Intel Core 2 Duo review
Intel’s flagship family of processors is the Conroe-based Core 2 Duo, and it’s a stunning piece of technology. Shifting the focus firmly away from the clock-speed race of previous families, the Core 2 is a streamlined, ultra-efficient beast that’s equally at home in a gaming powerhouse as in a quiet media centre PC.
Using the 65nm fabrication process, it has a TDP (thermal design power) of just 65W, which, amazingly, is almost as low as a Sempron and half the power requirement of a Pentium D 960. All current models boast a front side bus frequency of 1,066MHz, a speed previously found only in Extreme Edition CPUs. The new ICH8 memory controller supports 800MHz memory, and you’ll see a worthwhile increase in performance over 667MHz RAM.

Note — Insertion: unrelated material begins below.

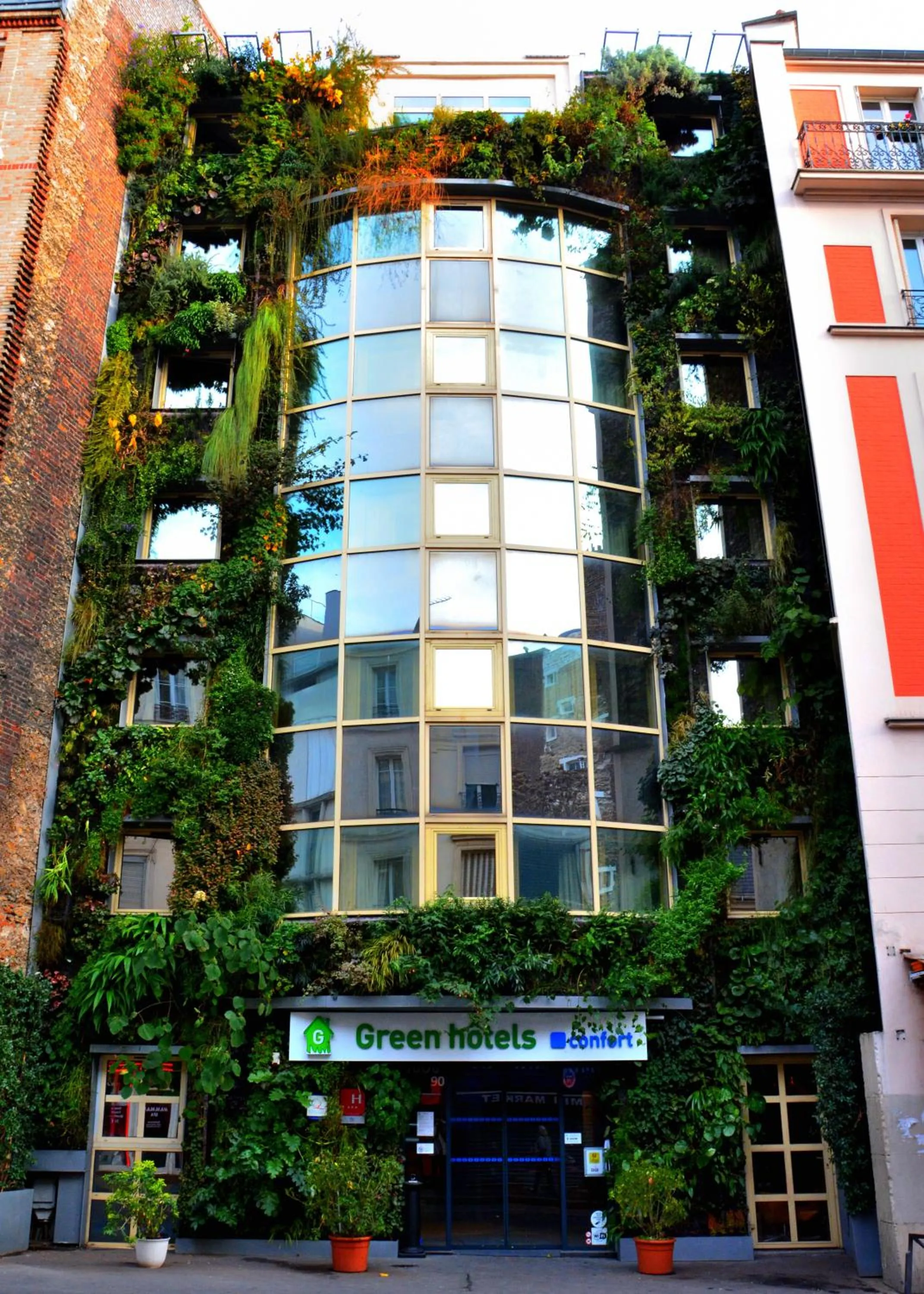 Property building in Green hotels Confort Paris 13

The range begins with the E6300, which is clocked at 1.86GHz, and the E6400 at 2.13GHz, both of which have 2MB of shared Level 2 cache. Then there are the E6600 and E6700, clocked at 2.4GHz and 2.66GHz respectively, both with 4MB of shared Level 2 cache.
This shared cache is one of the key features of Core 2 CPUs and means each core can grab as much as it needs whenever it needs it, rather than strictly allocating half to each. This effectively gives you a single-core CPU with 4MB of cache whenever the situation demands.
Other notable features include virtualisation, 64-bit support – courtesy of Intel’s EM64T instructions – and Intel’s new “wide dynamic execution”. This means that every stage of the instruction fetch, code and execution system is wider than before, allowing it to cope with up to four standard instructions simultaneously. It also shortens the pipeline and allows the Core 2 to search further ahead to find instructions it can execute in parallel to keep all four paths fully utilised.
Value for money
Put simply, every one of the Core 2 Duo processors offers great value, as the graph on p94 clearly shows. The E6300 is the least impressive, yet happens to fall in very closely with AMD’s X2 range in terms of price and performance, achieving an Overall score of 1.16 in our benchmarks for £106.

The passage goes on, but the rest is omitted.